You are viewing a plain text version of this content. The canonical link for it is here.
Posted to user@nutch.apache.org by Jason Shi <nu...@gmail.com> on 2011/02/28 03:53:59 UTC

web search returns less results than command search

hi guys,I'm using nutch-1.0 for Chinese web search,I changed the
NutchDocumentAnalyzer.java to use imdict-chinese-analyzer,which is dedicated
to chinese word segmentation,after successfully crawled my computer
department's website,and deployed nutch-1.0.war,I found that nutch web
search returns much less results than command search.for example, this
command "bin/nutch org.apache.nutch.searcher.NutchBean 计算机",returns
265hits,but the web search returns 0 result.
any help would be greatly appreciated.

Re: web search returns less results than command search

Posted by Alexander Aristov <al...@gmail.com>.
Hi

Firstly I would suspect character encoding issues. Turn on tracsing on web
server and check which senetence is searched.

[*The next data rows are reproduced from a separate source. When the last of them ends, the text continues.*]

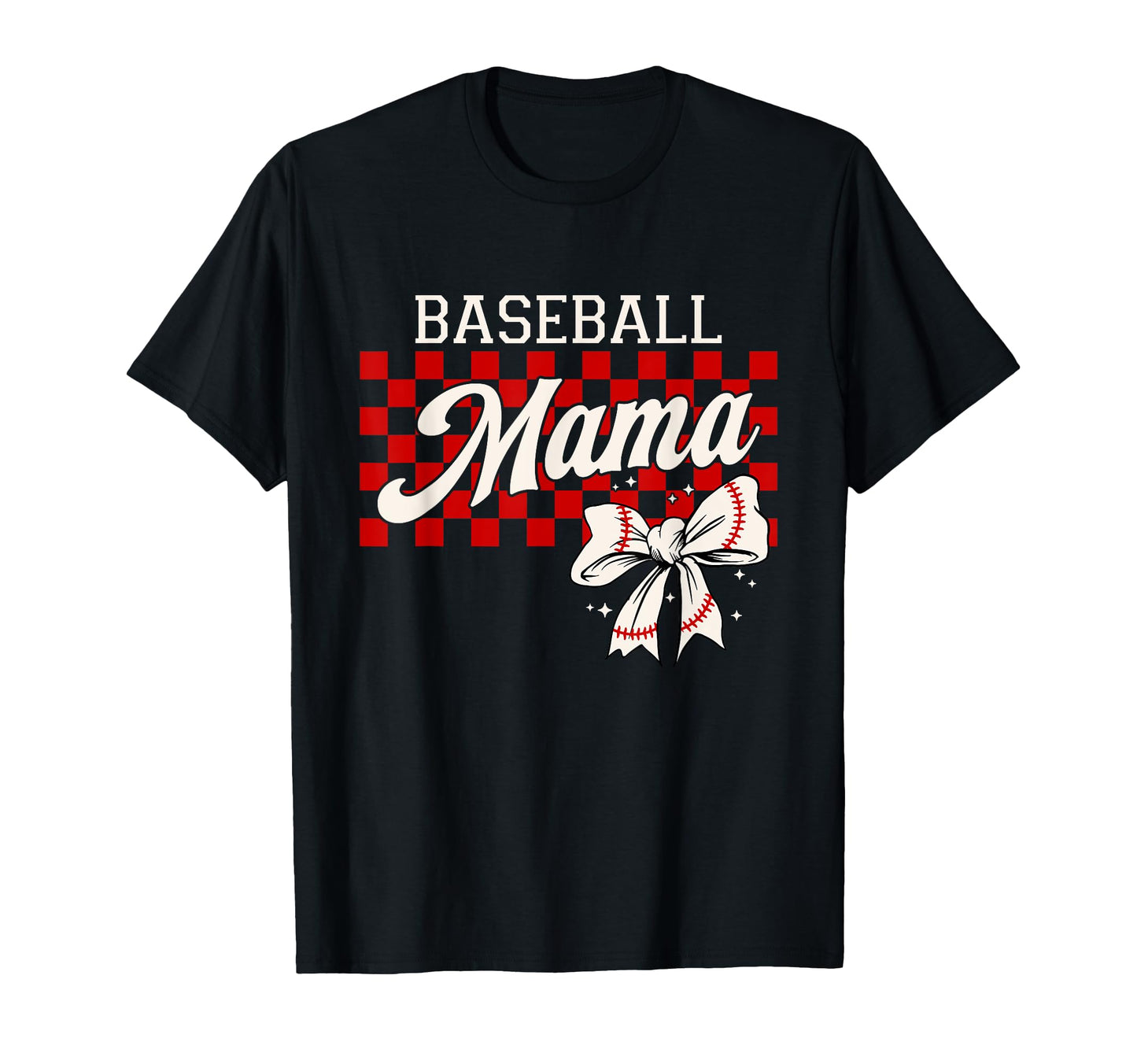Checkered Baseball Mom Art Coquette T-Shirt - Fun Novelty Design Unisex - T-Shirt, Sweatshirt, Hoodie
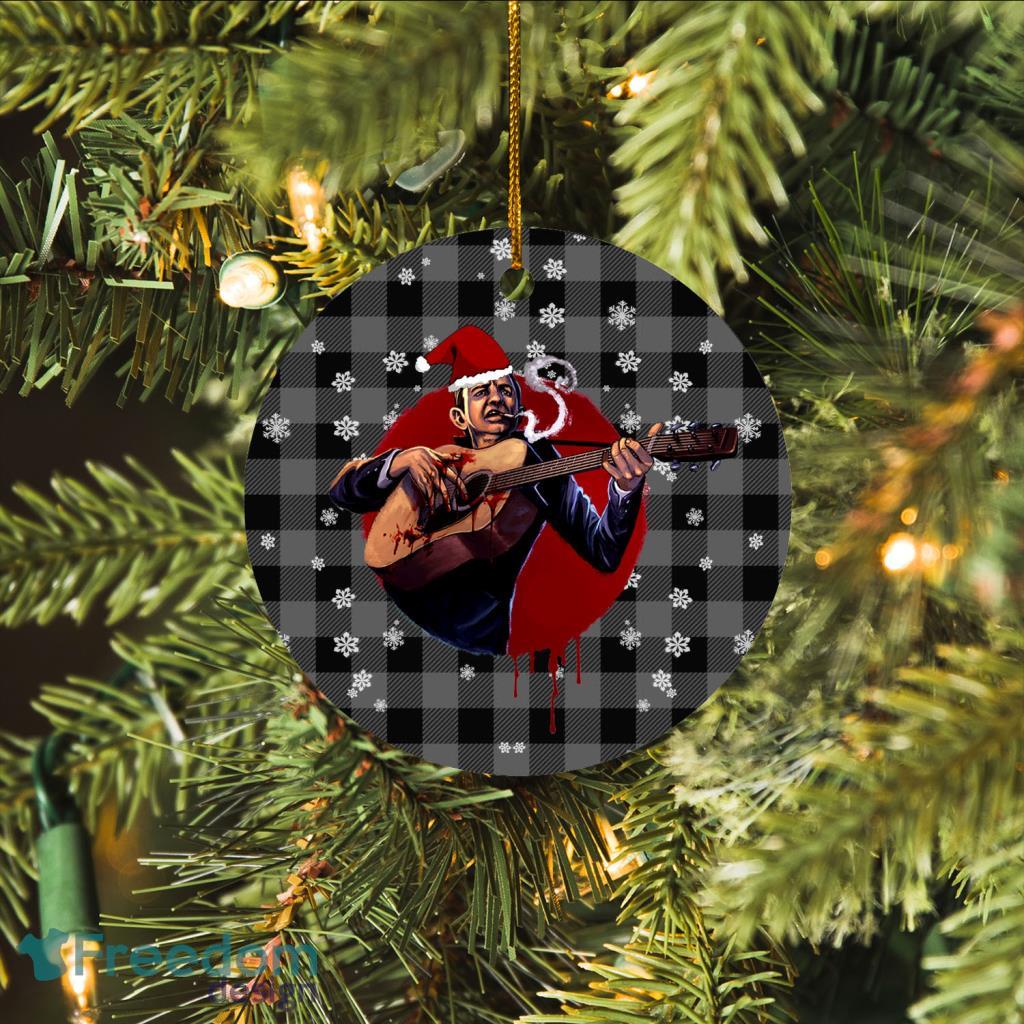Johnny Cash Merry Christmas Circle Ornament image Johnny Cash Merry Christmas Circle Ornament Product Photo 1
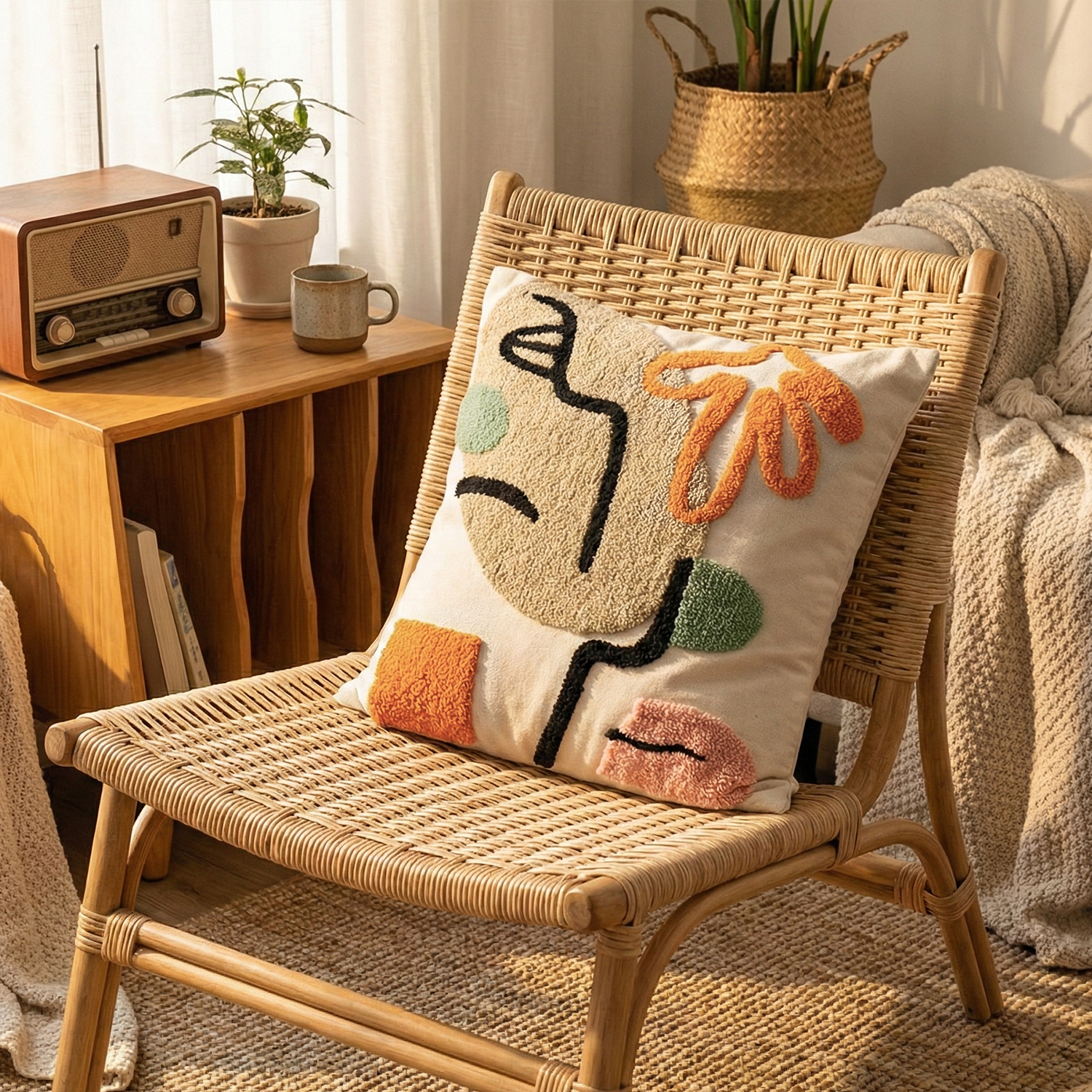 LUNA MUSE Embroidered Cotton Cushion Cover 16x16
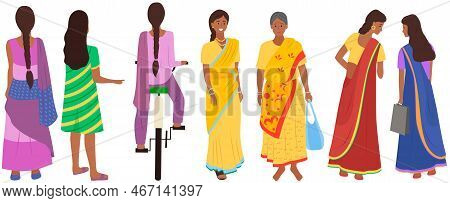 Different Indian Old And Young Women Characters Set In Flat Style Isolated On White. Differences Hin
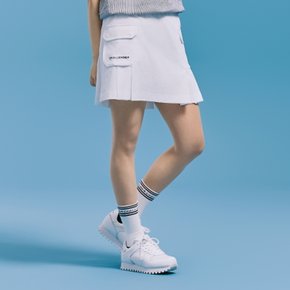 [온라인단독] 여성 엠보싱 시어서커 카고 포켓 큐롯 화이트 CHE2WSK2667WH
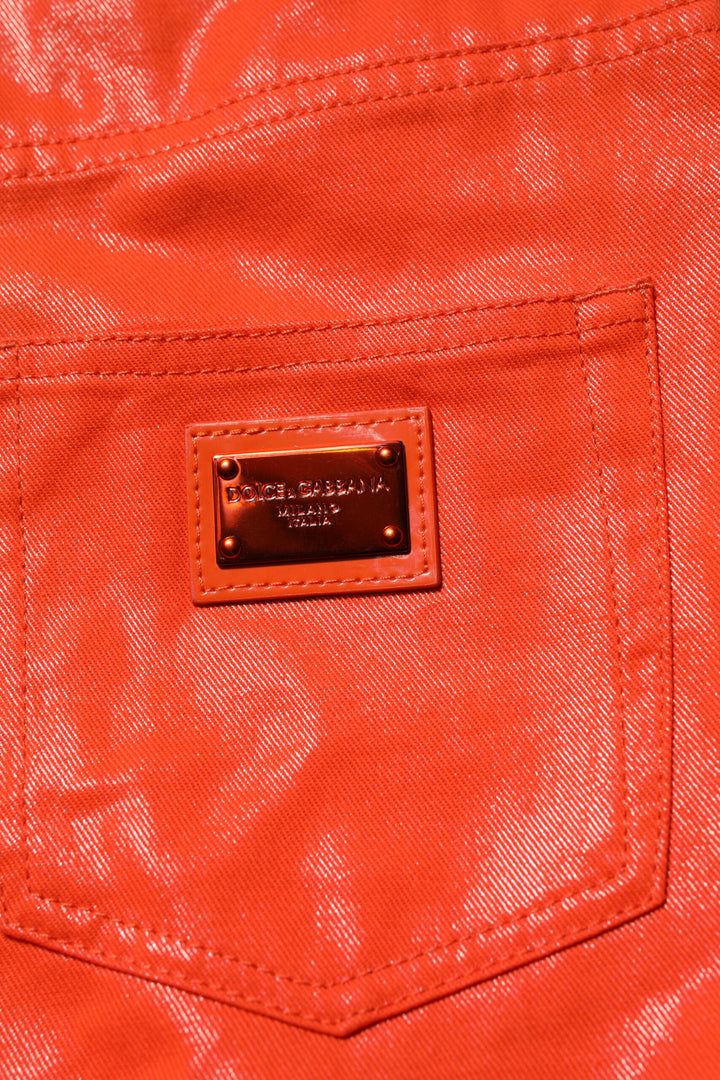 Dolce &amp; Gabbana Sample Sale Dolce &amp; Gabbana Orange Cotton High Waisted Denim Jeans - | Designer outlet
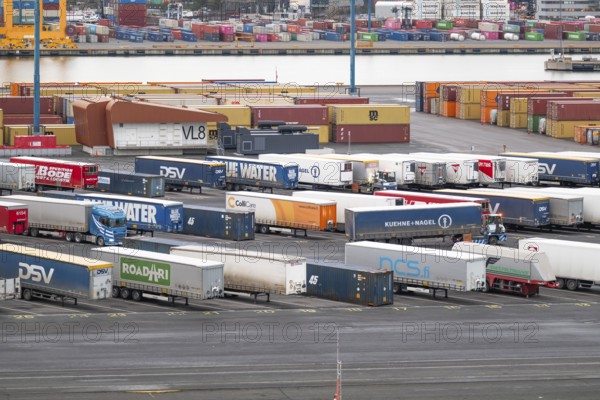Port facility, truck trailer, container loading, Helsinki, Finland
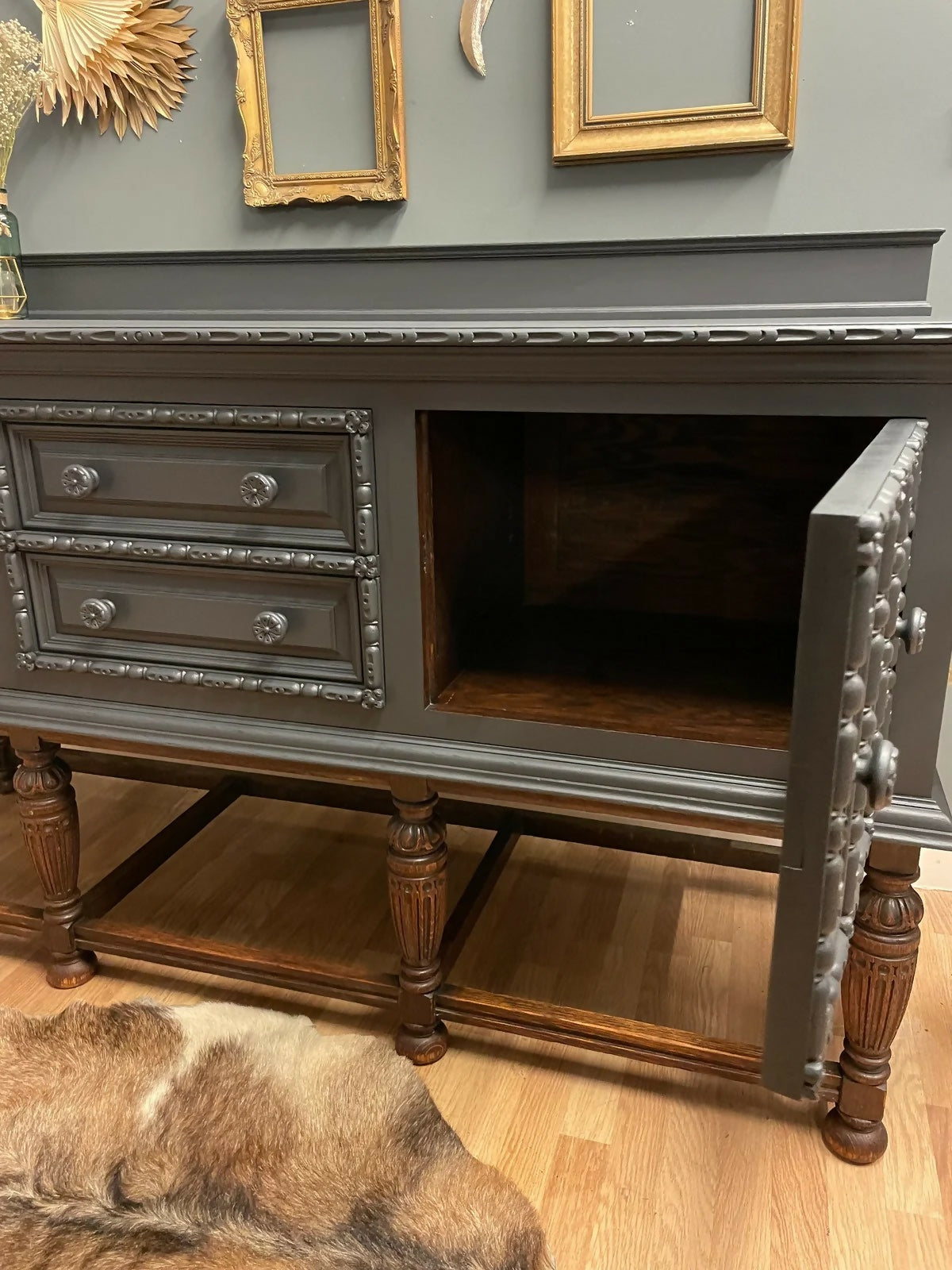 Vintage carved large dark grey & oak sideboard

Next thing is dedup. It can reduce number of results and it's turned on by
default. But of cause it should not reduce to 0.

Best Regards
Alexander Aristov


On 28 February 2011 05:53, Jason Shi <nu...@gmail.com> wrote:

> hi guys,I'm using nutch-1.0 for Chinese web search,I changed the
> NutchDocumentAnalyzer.java to use imdict-chinese-analyzer,which is
> dedicated
> to chinese word segmentation,after successfully crawled my computer
> department's website,and deployed nutch-1.0.war,I found that nutch web
> search returns much less results than command search.for example, this
> command "bin/nutch org.apache.nutch.searcher.NutchBean 计算机",returns
> 265hits,but the web search returns 0 result.
> any help would be greatly appreciated.
>